Stored dataset items:
*-*-*

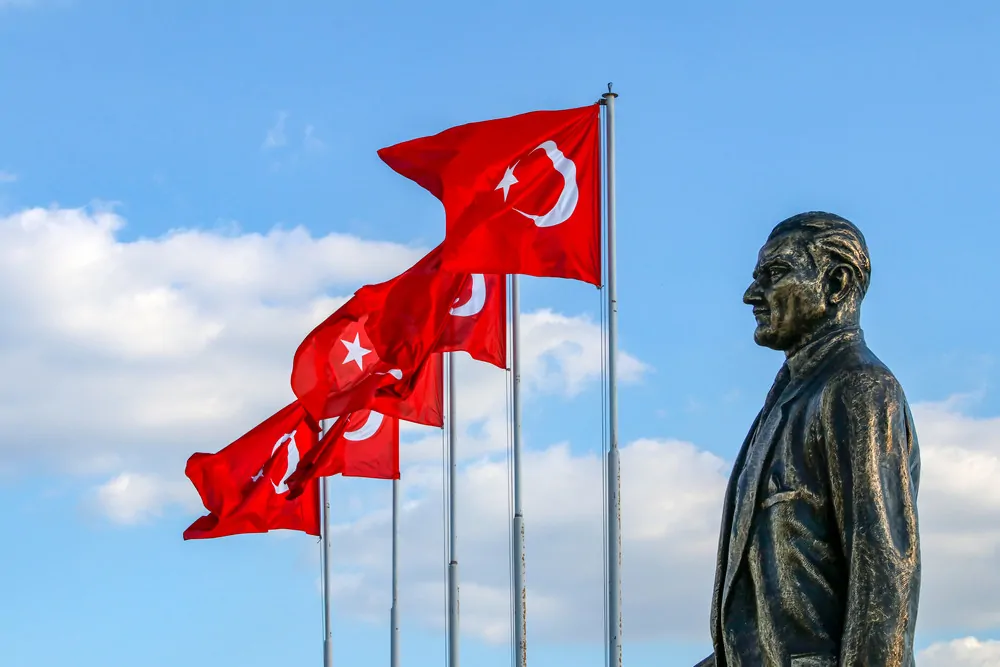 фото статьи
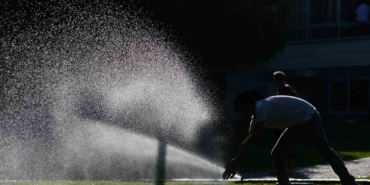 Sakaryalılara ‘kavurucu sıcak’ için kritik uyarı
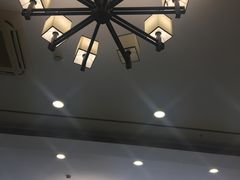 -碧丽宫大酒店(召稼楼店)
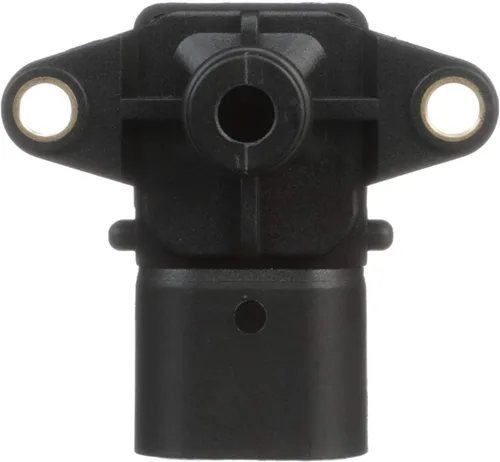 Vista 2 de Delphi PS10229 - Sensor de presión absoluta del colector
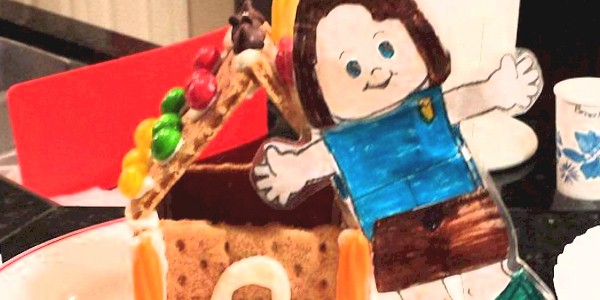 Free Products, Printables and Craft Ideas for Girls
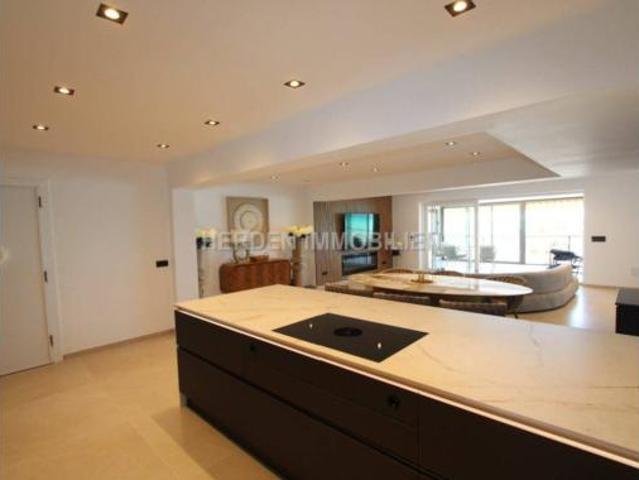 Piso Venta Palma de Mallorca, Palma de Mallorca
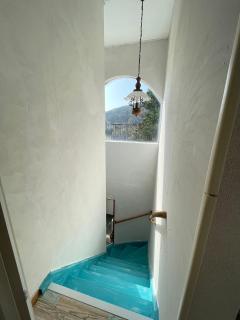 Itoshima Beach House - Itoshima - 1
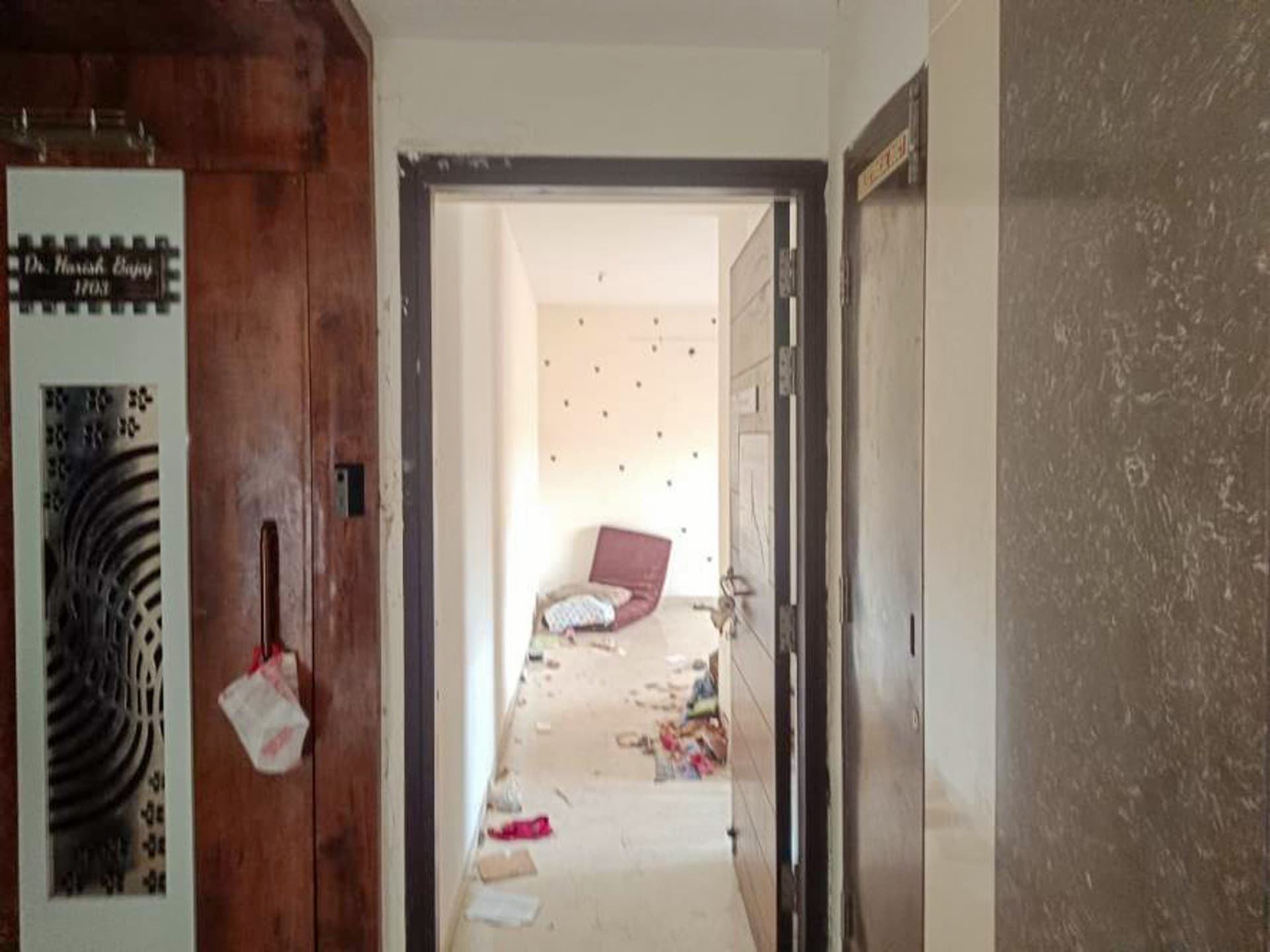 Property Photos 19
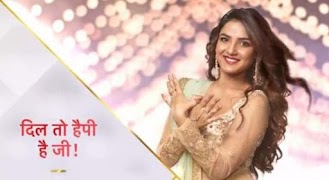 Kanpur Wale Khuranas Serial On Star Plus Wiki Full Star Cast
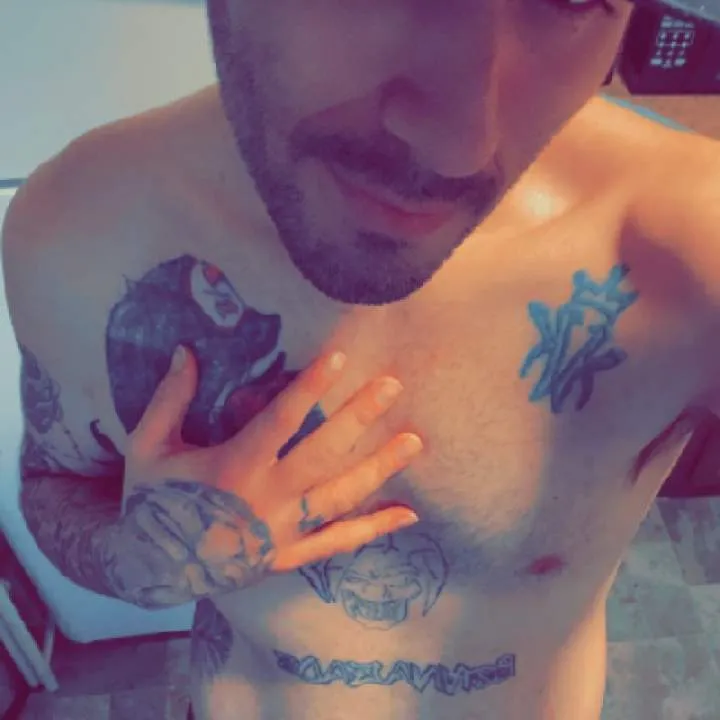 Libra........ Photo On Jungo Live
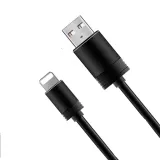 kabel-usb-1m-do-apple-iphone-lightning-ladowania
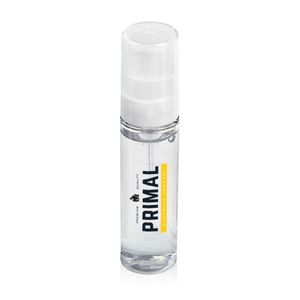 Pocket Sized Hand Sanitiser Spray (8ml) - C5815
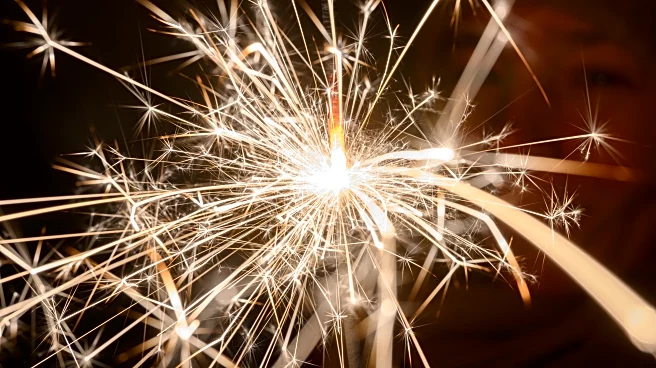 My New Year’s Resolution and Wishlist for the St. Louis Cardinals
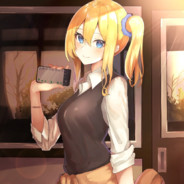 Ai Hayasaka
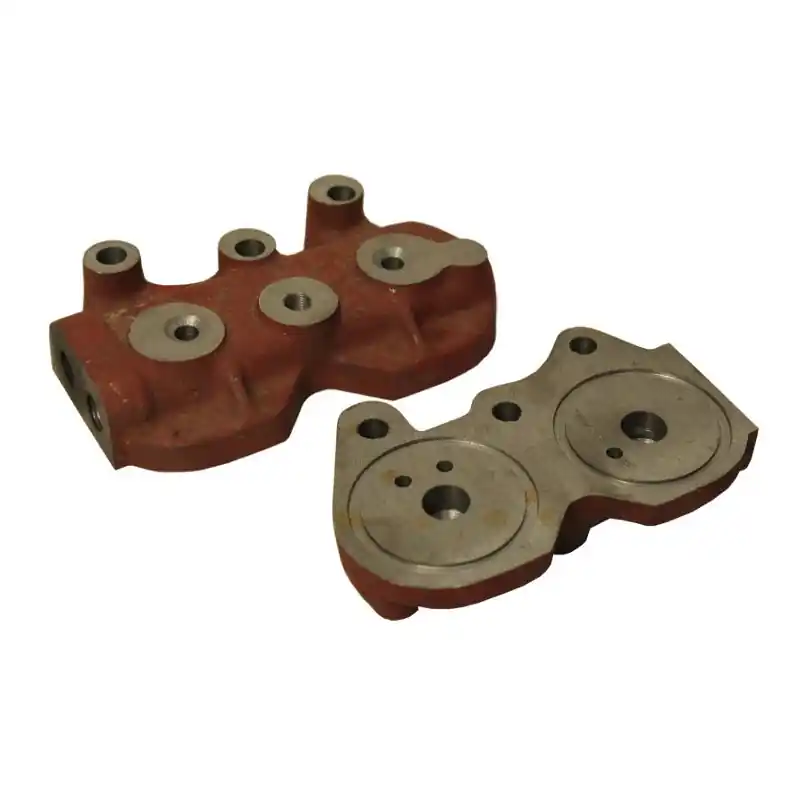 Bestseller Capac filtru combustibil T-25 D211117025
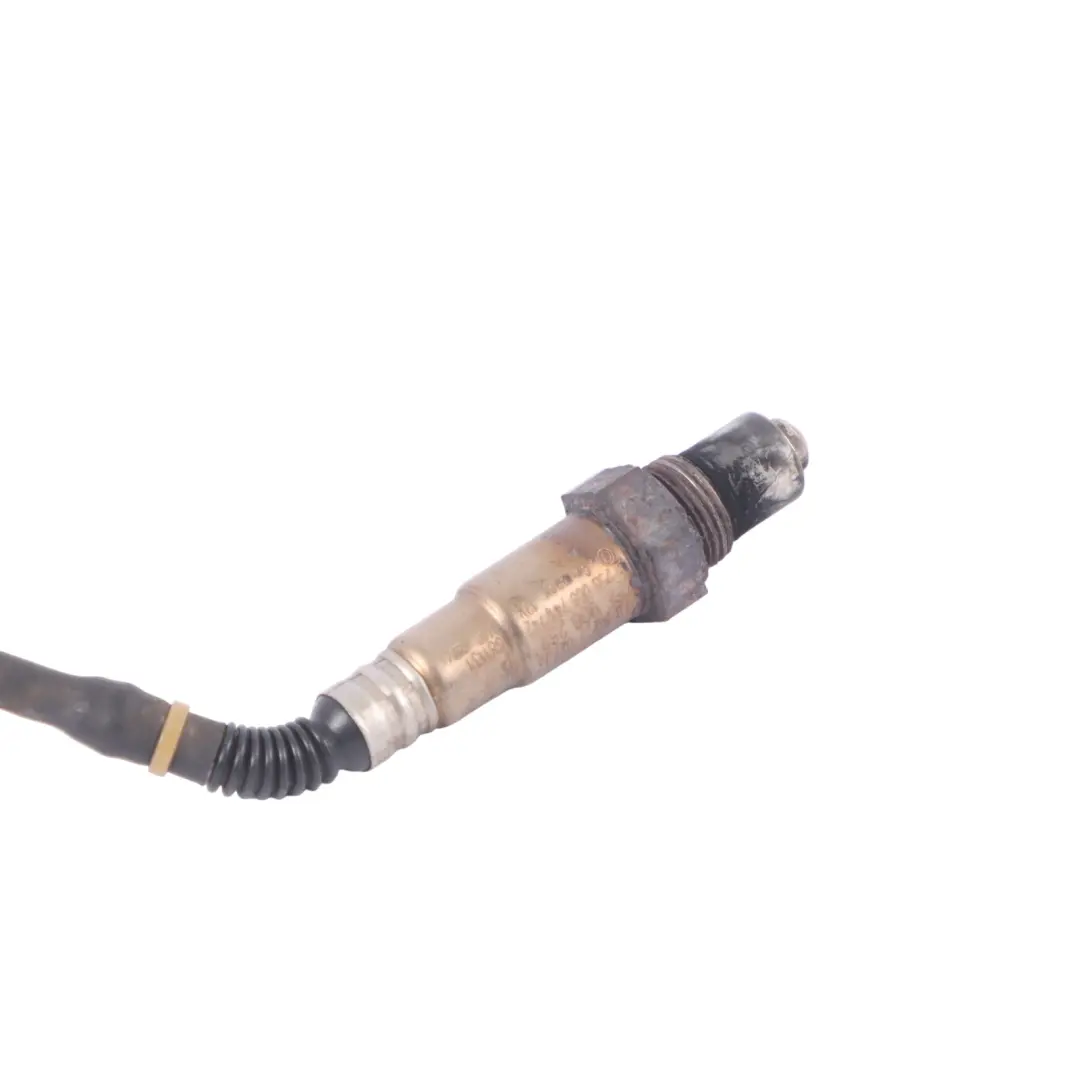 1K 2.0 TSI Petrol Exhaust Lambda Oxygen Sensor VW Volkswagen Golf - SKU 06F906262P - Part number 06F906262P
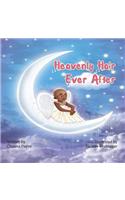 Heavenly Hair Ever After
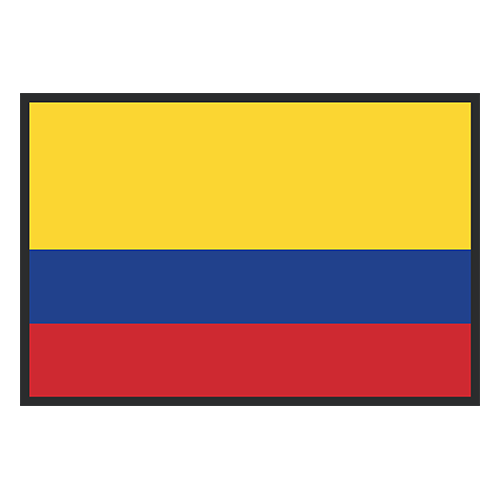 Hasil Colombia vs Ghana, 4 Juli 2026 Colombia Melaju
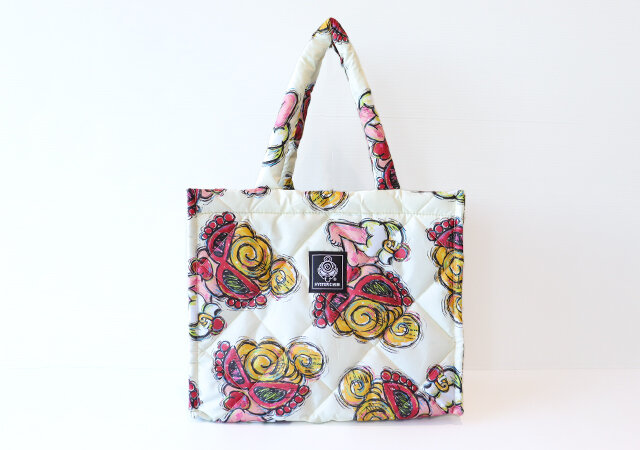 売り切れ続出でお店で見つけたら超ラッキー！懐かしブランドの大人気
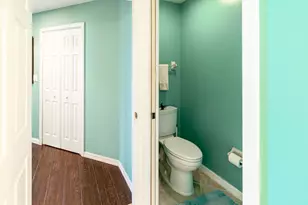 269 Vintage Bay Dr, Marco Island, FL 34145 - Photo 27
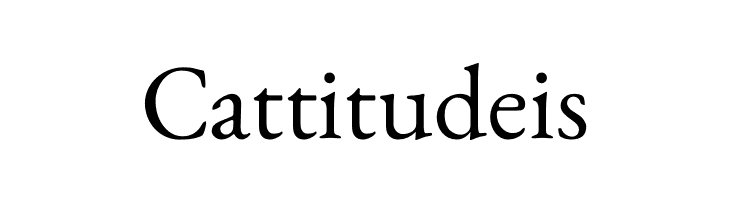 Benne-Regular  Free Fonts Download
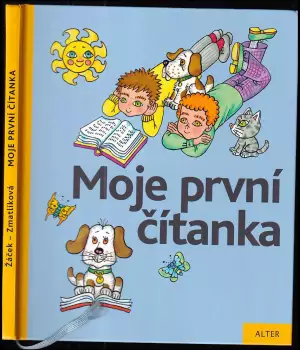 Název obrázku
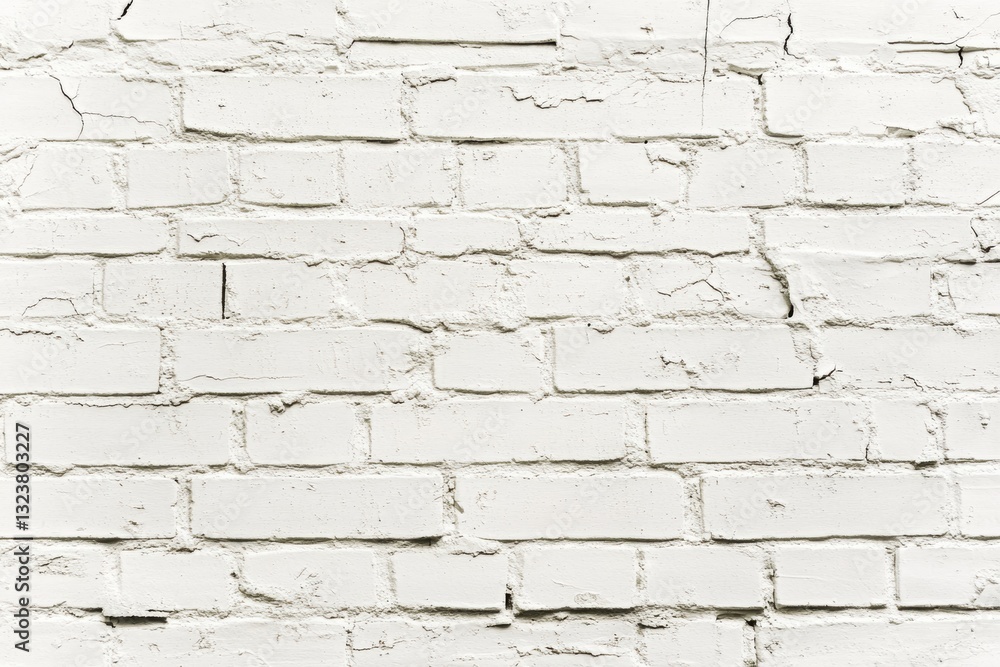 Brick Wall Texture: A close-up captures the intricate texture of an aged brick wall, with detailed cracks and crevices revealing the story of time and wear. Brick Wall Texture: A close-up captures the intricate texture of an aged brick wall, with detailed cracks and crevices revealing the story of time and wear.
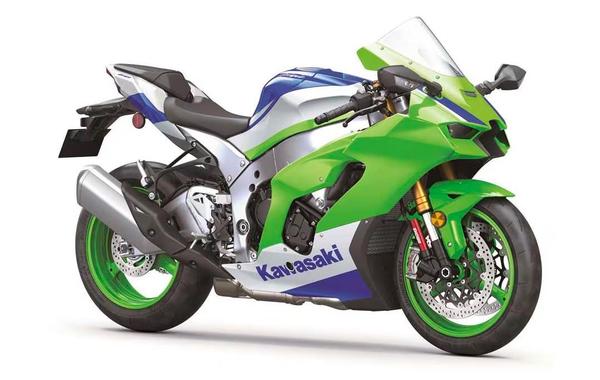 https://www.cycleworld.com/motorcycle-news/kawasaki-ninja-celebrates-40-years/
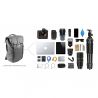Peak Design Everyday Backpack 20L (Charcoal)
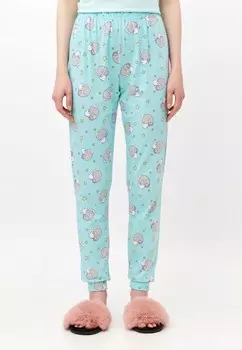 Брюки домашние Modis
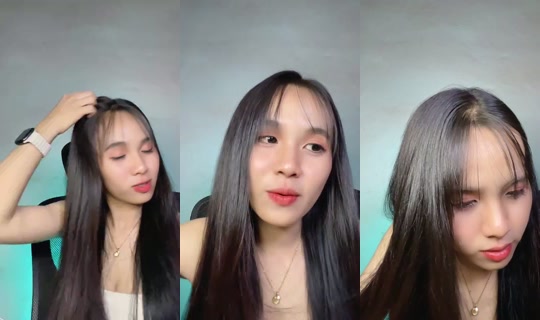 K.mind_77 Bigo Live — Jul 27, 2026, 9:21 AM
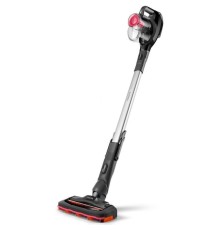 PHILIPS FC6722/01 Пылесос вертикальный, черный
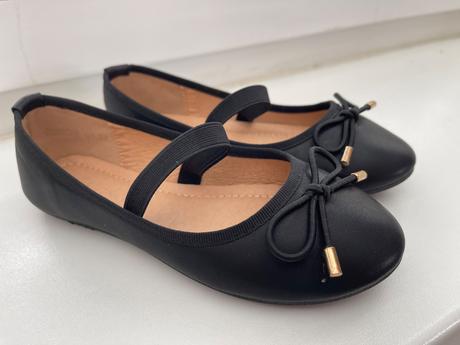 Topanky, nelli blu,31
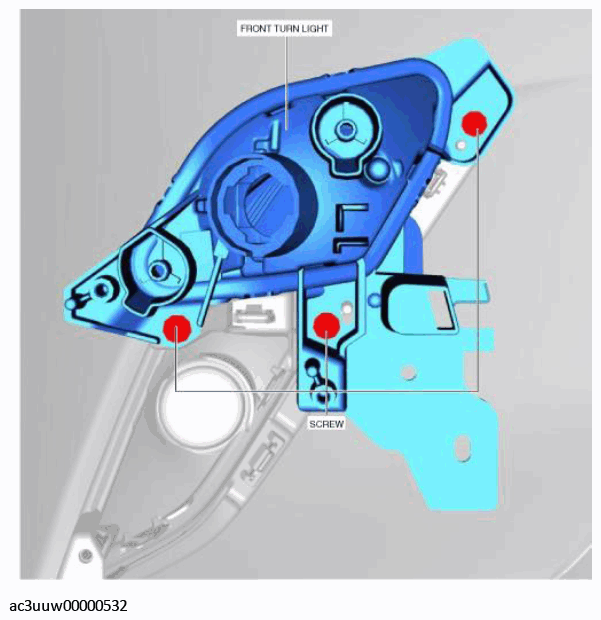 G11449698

*-*-*

**Try it**
Return word for word the lines from the beginning of the entries through the line that contains "Název obrázku", both ends included, but no pictures.

**Final answer**
 фото статьи
 Sakaryalılara ‘kavurucu sıcak’ için kritik uyarı
 -碧丽宫大酒店(召稼楼店)
 Vista 2 de Delphi PS10229 - Sensor de presión absoluta del colector
 Free Products, Printables and Craft Ideas for Girls
 Piso Venta Palma de Mallorca, Palma de Mallorca
 Itoshima Beach House - Itoshima - 1
 Property Photos 19
 Kanpur Wale Khuranas Serial On Star Plus Wiki Full Star Cast
 Libra........ Photo On Jungo Live
 kabel-usb-1m-do-apple-iphone-lightning-ladowania
 Pocket Sized Hand Sanitiser Spray (8ml) - C5815
 My New Year’s Resolution and Wishlist for the St. Louis Cardinals
 Ai Hayasaka
 Bestseller Capac filtru combustibil T-25 D211117025
 1K 2.0 TSI Petrol Exhaust Lambda Oxygen Sensor VW Volkswagen Golf - SKU 06F906262P - Part number 06F906262P
 Heavenly Hair Ever After
 Hasil Colombia vs Ghana, 4 Juli 2026 Colombia Melaju
 売り切れ続出でお店で見つけたら超ラッキー！懐かしブランドの大人気
 269 Vintage Bay Dr, Marco Island, FL 34145 - Photo 27
 Benne-Regular  Free Fonts Download
 Název obrázku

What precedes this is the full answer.